In its March 2008 status report to the Citizens General Obligation Bond Oversight Committee (CGOBOC), LHH’s Replacement Project team indicated the Controller had identified $120 million in COP’s that could be issued using the City’s General Fund as credit, to be repaid using federal revenue. [Note: the repayments are actually made by the State, not the Fed’s.]
Suddenly, without explanation, the amount of COP’s to be issued has surged to $185 million. The $185 million in COP’s will cost an additional $123.7 million in interest, totaling a $306.4 million increase to LHH’s replacement project.
The true cost overruns of the LHH Replacement Project have been hidden from the public long before September 2007, following repeated cancellations of the Laguna Honda Hospital Joint Conference Committee, a subcommittee of San Francisco’s Health Commission; Health Commission meetings; and CGOBOC meetings. Few LHH-sponsored Town Hall meetings have been held.
The LHH Replacement Project team’s September 2007 status report to the CGOBOC stated the “forecast at completion” of the then-approved 780-bed project was $541,168,339, an increase at the time of $58.3 million.
Six months later, its updated report in March 2008 says the same 780-bed project forecast-at-completion cost is now estimated at $593,946,602, another increase of $52.8 million.

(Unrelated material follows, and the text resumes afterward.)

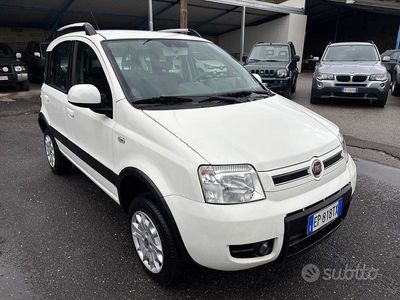Usata Fiat Panda 4x4 Climbing 75 CV (55 kW) 2012 Bianco Utilitaria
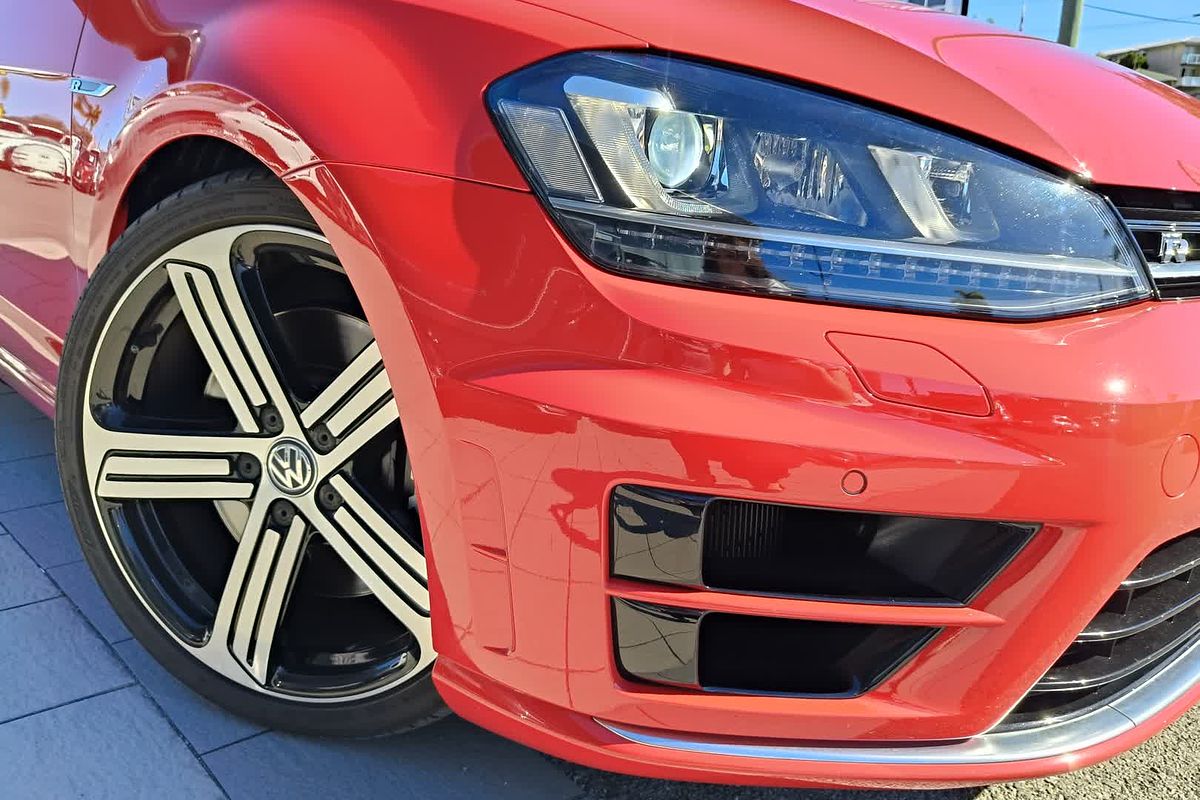 2015 Volkswagen Golf R 7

The two increases total $111 million above previous estimates.
The March 2008 status report doesn’t describe the many reductions in the scope of the project, including elimination of various programming, and the de-funding of a decade-long-promise to provide $15 million towards assisted living housing on Laguna Honda’s campus.
The replacement project’s Budget Revision 14 released on March 26 increases consulting services by $14 million, to a total of $96 million. It simultaneously reduces actual construction costs by $16.3 million, and eliminates entirely the $15 million assisted living commitment, for a total of $31 million in project scope reductions. The reductions had to be made, in part, to finance the consulting services, and a new $20 million increase to renovate the front section of the current hospital’s administration building. A full accounting of all project cuts hasn’t been described publicly.

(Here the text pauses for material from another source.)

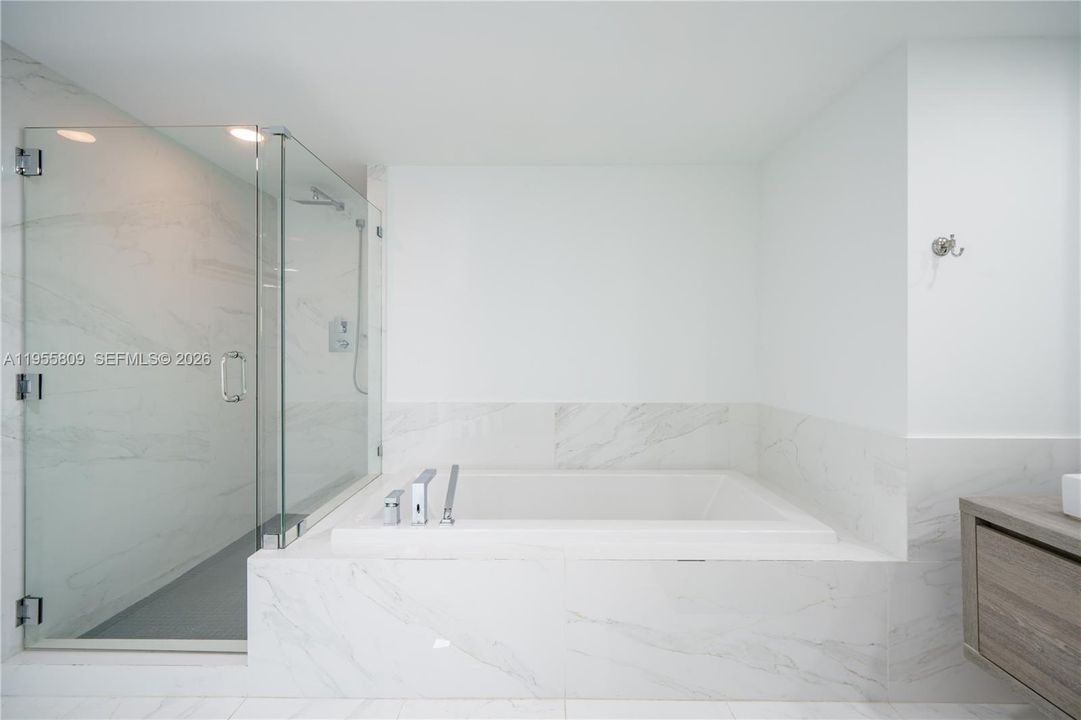 For Sale: $1,196,000 (3 beds, 2 baths, 1705 Square Feet)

Although LHH’s rebuild is now smaller by 420 beds, the LHH Replacement Project team claims the 780-bed project will only cost $594 million. But the Mayor’s Office of Public Finance has forecasted the total budget to be $641 million, $240 million — or 60 percent — over the initial budget, apparently anticipating additional cost overruns. The Project Team’s March 2008 status report also forecasts $642 million in total sources of funding. No explanation has been made public as to why the current project budget of $594 million is expected to soar another $48 million, to the new forecasted $642 million amount.
In 2007, a City audit of the Department of Public Works pointed to a lack of oversight of projects that leads to project delays and questionable project costs. DPW’s oversight of the greatly delayed LHH replacement project has been pathetic.
Voters should demand a Grand Jury investigation of Newsom’s Laguna Honda rebuild boondoggle to determine who is responsible for the project’s cost overruns and scope reductions.